_PROBLEM TO SOLVE_: The line containing "За решаването на" marks the end: copy exactly every line from the start of the records below up to and including it, leaving out pictures.
=-=-=
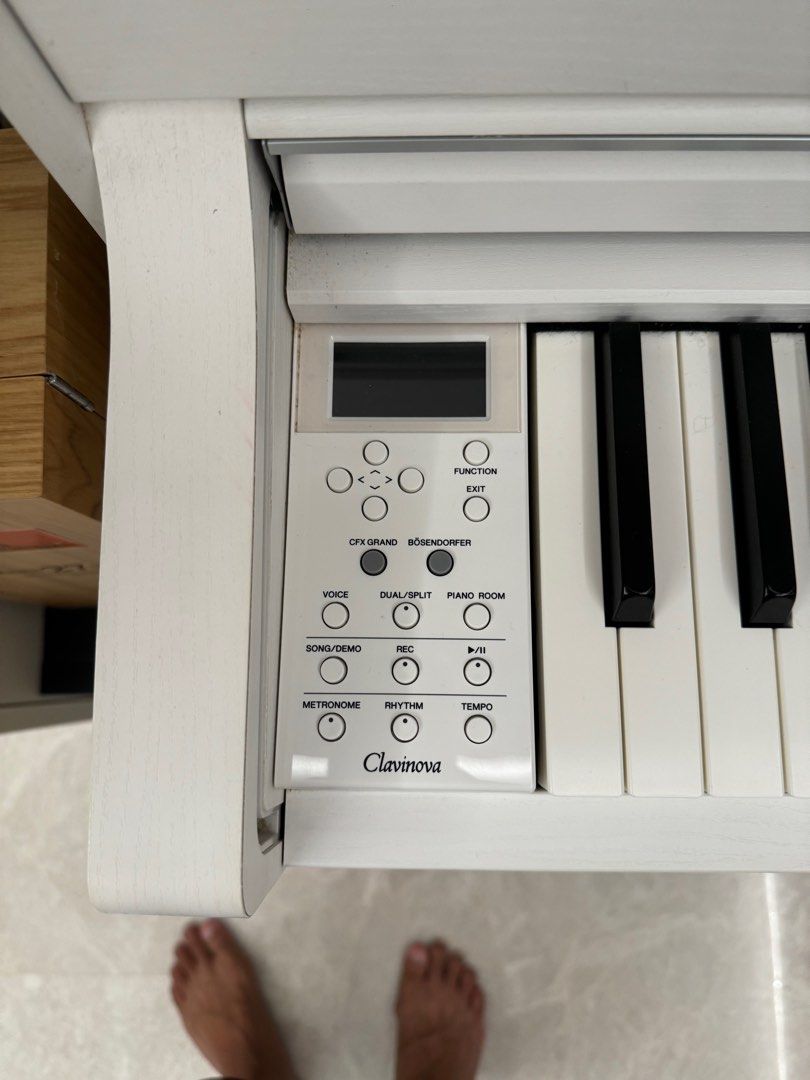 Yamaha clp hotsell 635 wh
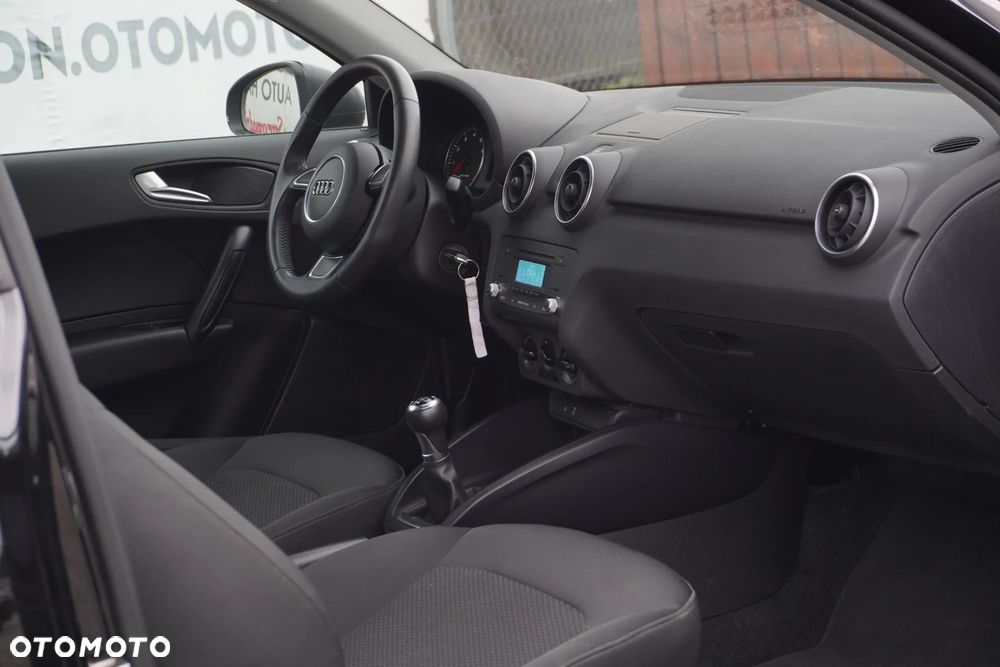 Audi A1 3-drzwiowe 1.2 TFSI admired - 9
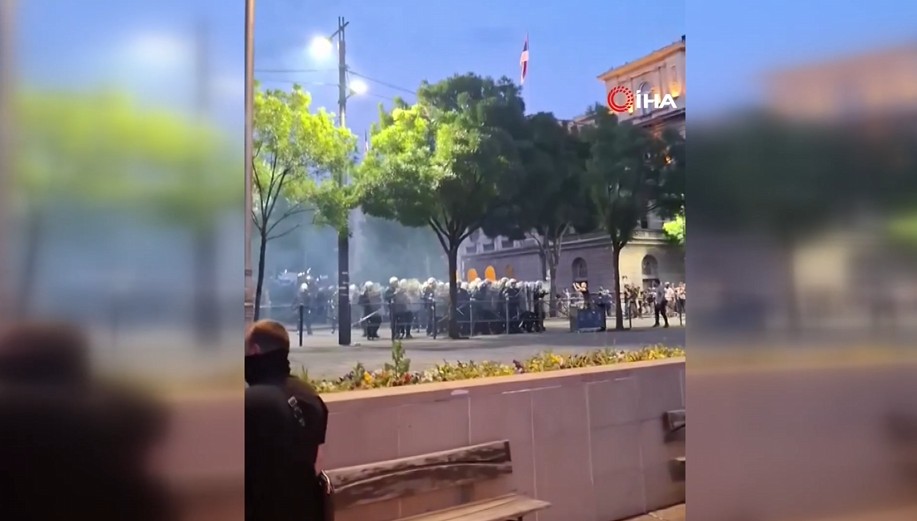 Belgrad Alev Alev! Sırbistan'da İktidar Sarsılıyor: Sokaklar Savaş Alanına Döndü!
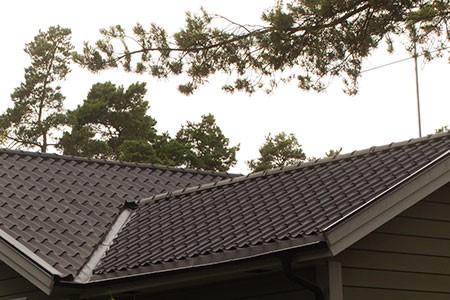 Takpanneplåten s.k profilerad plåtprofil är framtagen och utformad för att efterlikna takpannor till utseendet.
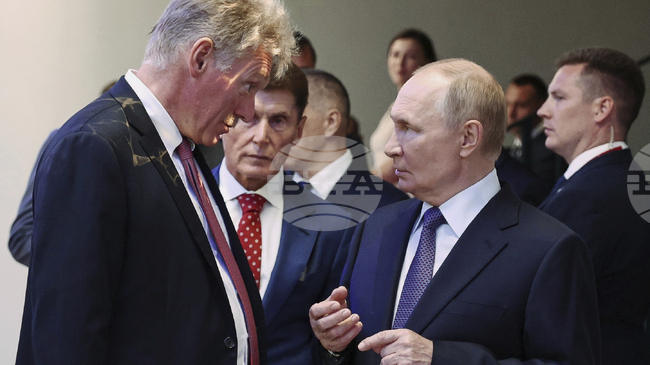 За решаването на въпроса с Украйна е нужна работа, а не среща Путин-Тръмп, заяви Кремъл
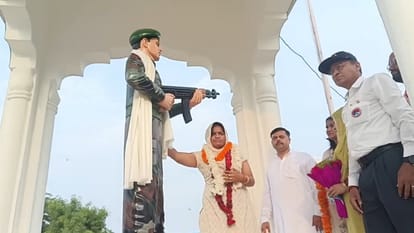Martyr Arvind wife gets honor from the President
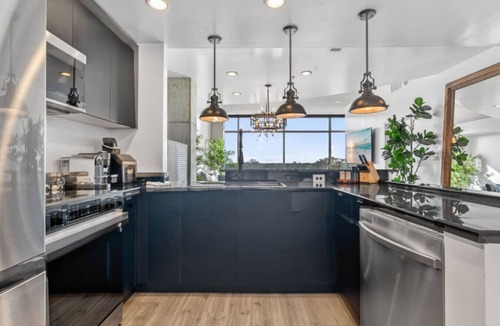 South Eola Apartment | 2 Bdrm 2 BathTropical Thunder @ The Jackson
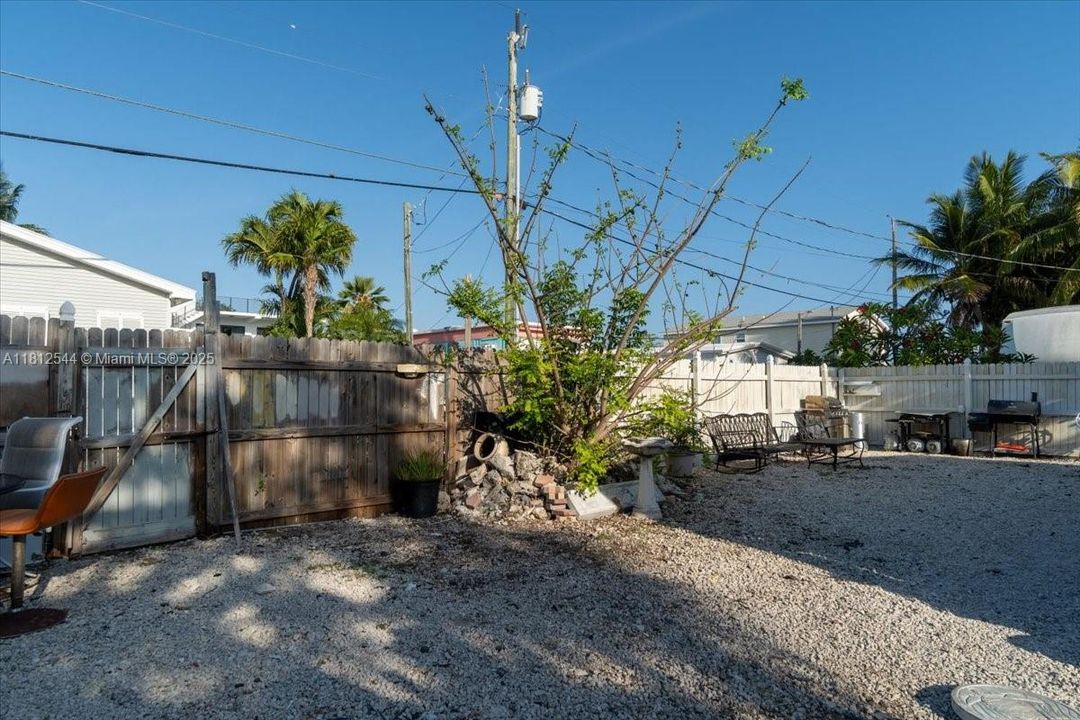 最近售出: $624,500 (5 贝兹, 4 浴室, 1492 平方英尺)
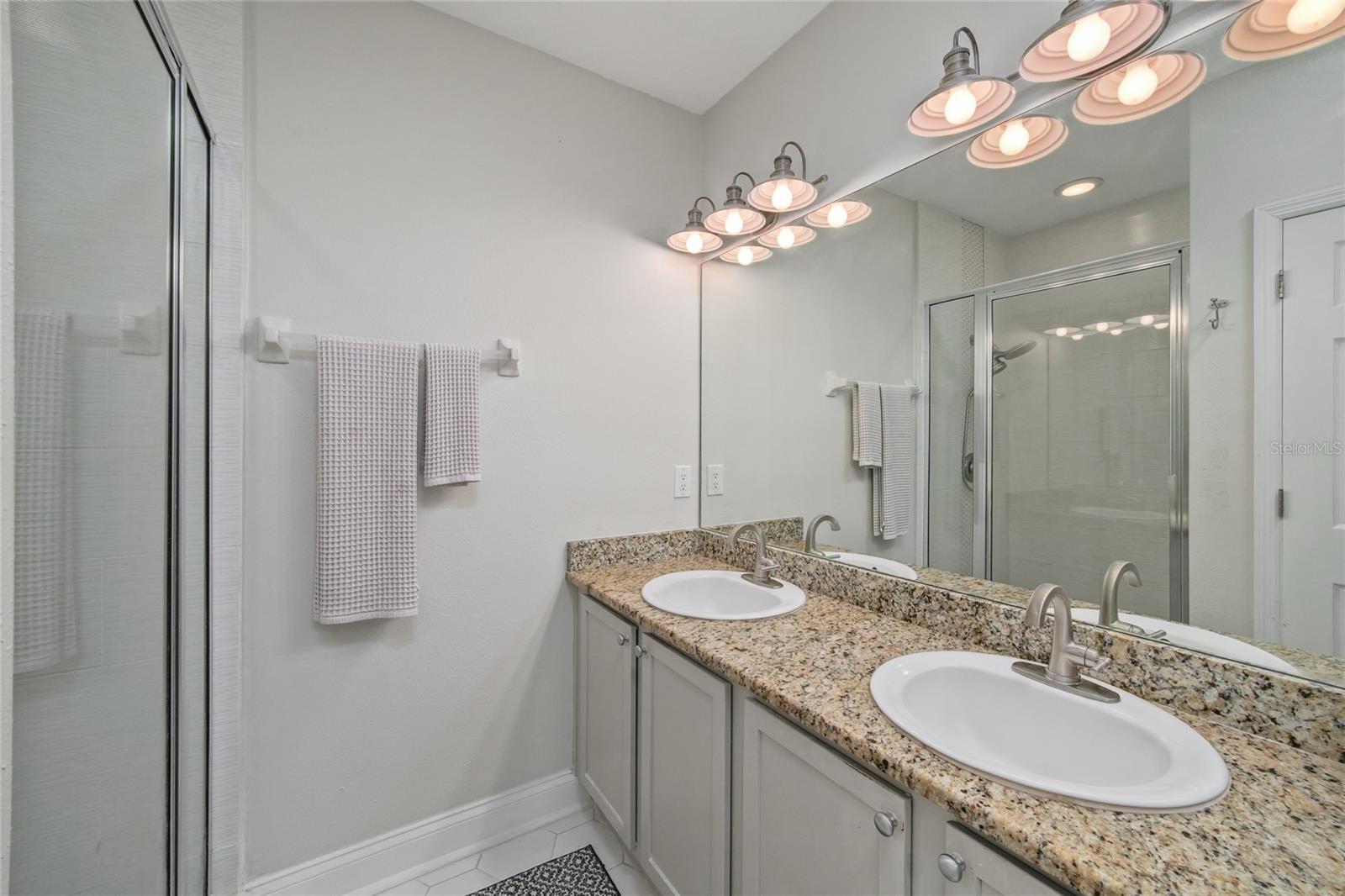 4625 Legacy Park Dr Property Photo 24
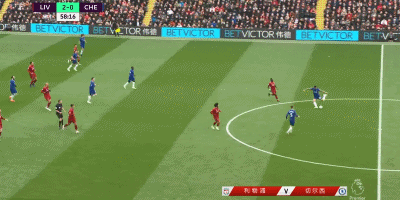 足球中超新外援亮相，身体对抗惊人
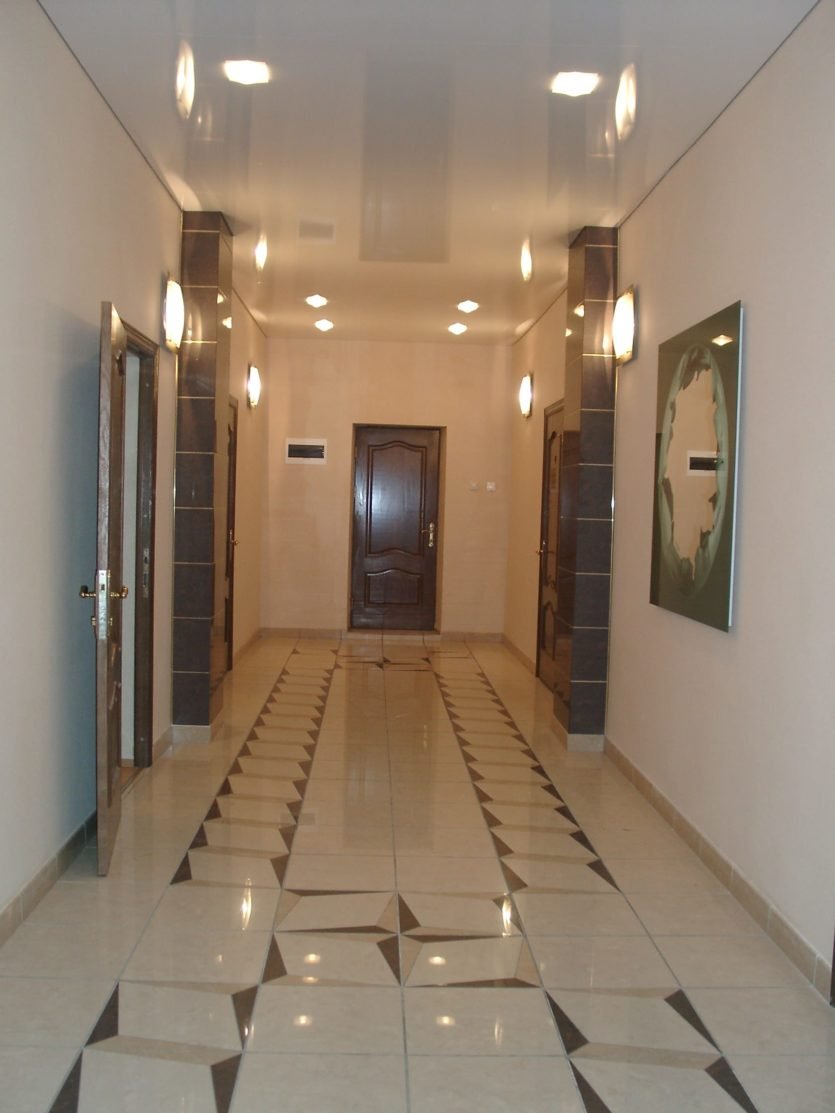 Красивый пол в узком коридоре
=-=-=
_EXERCISE RESULT_:
 Yamaha clp hotsell 635 wh
 Audi A1 3-drzwiowe 1.2 TFSI admired - 9
 Belgrad Alev Alev! Sırbistan'da İktidar Sarsılıyor: Sokaklar Savaş Alanına Döndü!
 Takpanneplåten s.k profilerad plåtprofil är framtagen och utformad för att efterlikna takpannor till utseendet.
 За решаването на въпроса с Украйна е нужна работа, а не среща Путин-Тръмп, заяви Кремъл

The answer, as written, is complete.